Starting March this year when it received authorization from the the U.S. Alcohol and Tobacco Tax and Trade Bureau, the product known as “Palcohol” has been making its way into liquor stores with great determination.
However, Gov. Andrew Cuomo is to sign on Friday a new legislation that will add New York on the already-long list of states (22 so far) that have rendered its sale illegal in recent months. Cuomo defended his stance by claiming that the powdered drink is dangerous and “a public health disaster waiting to happen.”
And critics across US seem to agree with him; a vocal majority believes the product is a gateway for underage drinking due to its small and easily-concealed packaging. Another concern refers to the fact that it’s a new alcoholic product whose exact effects on the organism are rather unknown, which could lead to dangerous levels of intoxication.

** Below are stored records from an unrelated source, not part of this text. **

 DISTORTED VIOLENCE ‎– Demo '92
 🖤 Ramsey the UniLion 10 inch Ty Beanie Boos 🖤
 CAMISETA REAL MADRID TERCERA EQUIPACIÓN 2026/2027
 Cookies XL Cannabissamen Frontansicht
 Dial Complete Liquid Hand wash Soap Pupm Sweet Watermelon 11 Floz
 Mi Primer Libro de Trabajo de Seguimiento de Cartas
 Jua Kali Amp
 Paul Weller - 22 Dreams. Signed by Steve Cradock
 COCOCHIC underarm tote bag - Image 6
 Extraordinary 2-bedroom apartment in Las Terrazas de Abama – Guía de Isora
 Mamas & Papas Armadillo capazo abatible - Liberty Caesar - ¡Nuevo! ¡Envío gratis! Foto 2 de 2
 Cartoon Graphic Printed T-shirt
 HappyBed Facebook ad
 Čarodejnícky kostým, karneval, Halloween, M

One of the major sponsors of the bill, Sen. Joseph Griffo, R-Rome, gave a heartfelt explanation for his position against the sale of powdered alcohol. He explained that each time a new substance or drug has taken a toll on our communities, concerned authorities wondered if there was anything to be done to avoid it.
That’s why this law has the potential to prevent a new wave of addiction and to offer a rare opportunity of proactively averting the exposure to one more dangerous substance.
Another sponsor, Assemblyman Steven Cymbrowitz, D-Brooklyn, made a case of questioning the existence of powdered alcohol, claiming it has “no legitimate reason for being.” Due to the small bags in which the alcoholic substance is stored in, kids and teenagers can just fit them in their pockets on their way to a party and their parents would never know.
Even though getting federal approval for the product was a hassle, Lipsmark, the chief company marketing it, is now toys with the idea of offering several other varieties, such as rum, vodka and several cocktail flavors.
Their comeback in the argument of Palcohol’s dangerous factor – that it is somehow more harming than regular booze – has been posted on the company’s website. They argue that the banning-streak against the product is not a matter of public safety, but an issue of major liquor players protecting their market profits.